Gelber adds the email:
“Over the next four weeks, the storage deficit (over 300+ bcf) is expected to dip below 280 bcf based on current weather patterns.”
A widely expected shortfall of 300 bcf or more in five-year average gas storage is one reason why commodity prices are now about 75% above prices a year ago. Europe’s embargo on Russian gas following Moscow’s invasion of Ukraine has led to unprecedented demand for liquefied natural gas from Europe.
The challenge for the market is to predict what demand for cooling gas will be in the summer and how much Freeport will offset by not liquefying.
Freeport accounts for about 20% of all US LNG processing, liquefying 2.1 billion cubic feet of natural gas per day.
Initially, after the shutdown of a plant on the Texas Gulf Coast on June 9, the shutdown was estimated to take just under one million tons of LNG exports off the market. But then, the disruption is estimated to last three months, affecting at least 180 bcf of gas in total.
Analysts say the final number will equate to about 55% of the current storage shortfall, given how hot the United States and Europe are in the summer and how much domestic cooling and European LNG demand will lead to.

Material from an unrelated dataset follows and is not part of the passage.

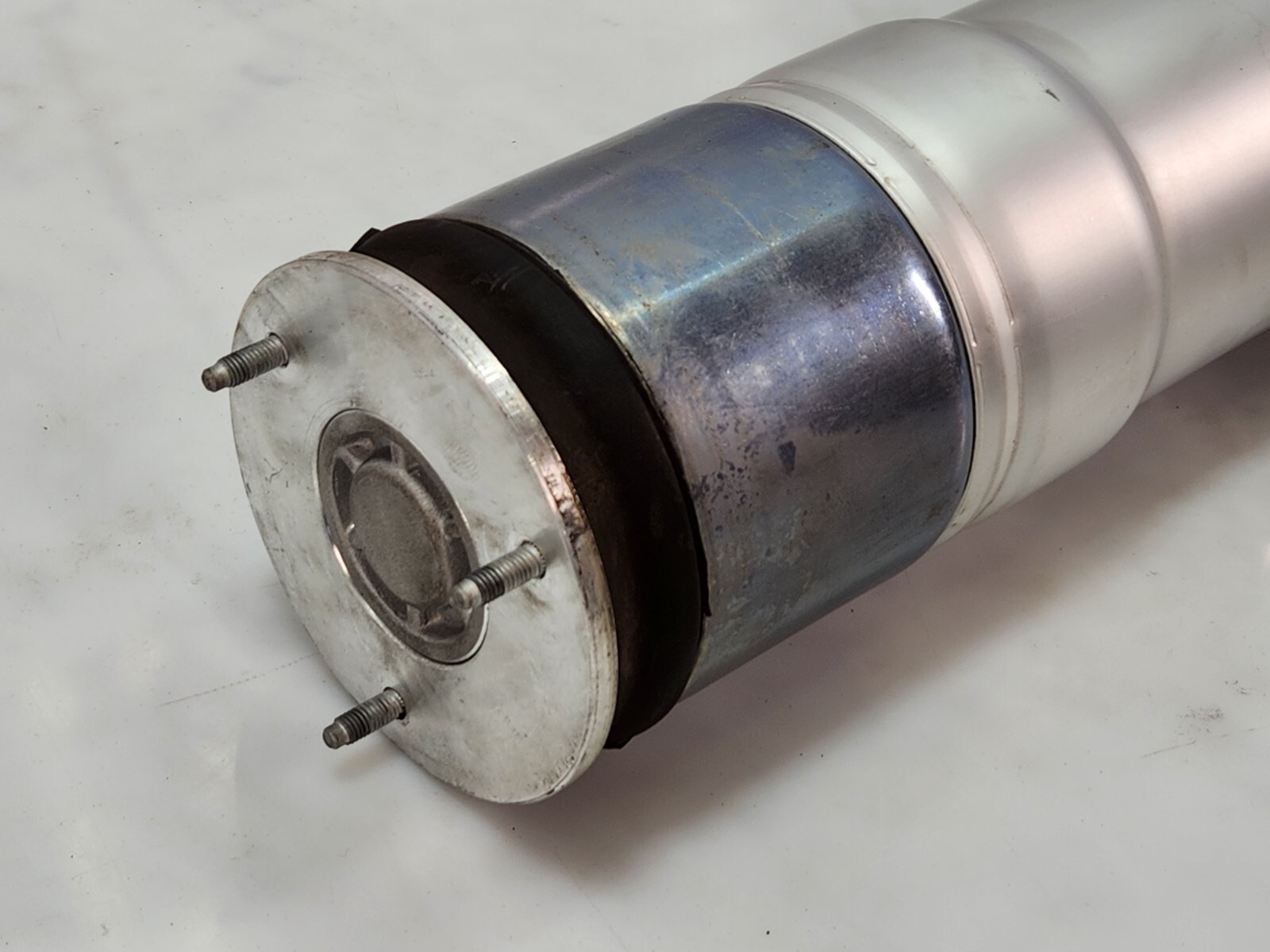 ✅ FOR 10-14 Rolls-Royce Ghost RR4 Rear Driver Side Air Suspension Shock Absorber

Before the Freeport incident, gas had reached a nearly 14-year high of $9 per million metric British thermal units (MMBTU). At the time of writing, it was below $6.50 per mmBtu after falling to around $6 on Friday. Almost all of June’s 20% plunge in the Henry Hub is due to the so-called Freeport effect.
Source: Gelber & Associates
In today’s guessing game covering the week ending June 24, forecasters have tracked Investing.com Another 74 bcf is estimated to have been injected last week, similar to the previous week.
If that’s accurate, it’s slightly above the 73 bcf build seen in the same week a year ago, and the five-year (2017-2021) average of storage injections, which is also at 73 bcf.
Such injections would lift gas storage to 2.243 trillion cubic feet (tcf), about 12.8% below the five-year average and 11.9% below the same week a year ago.
Reuters-related data provider Refinitiv said there were about 81 cooling degree days last week, well below the 30-year normal of 71 degrees for the period.
CDDs, used to estimate demand for cooling homes and businesses, measure the number of degrees above 65 degrees Fahrenheit during a day’s average temperature.
Disclaimer: Barani Krishnan uses his own outside perspectives to bring variety to any market analysis. For neutrality, they sometimes present contrasting views and market variables. They do not hold positions in the commodities and securities they write.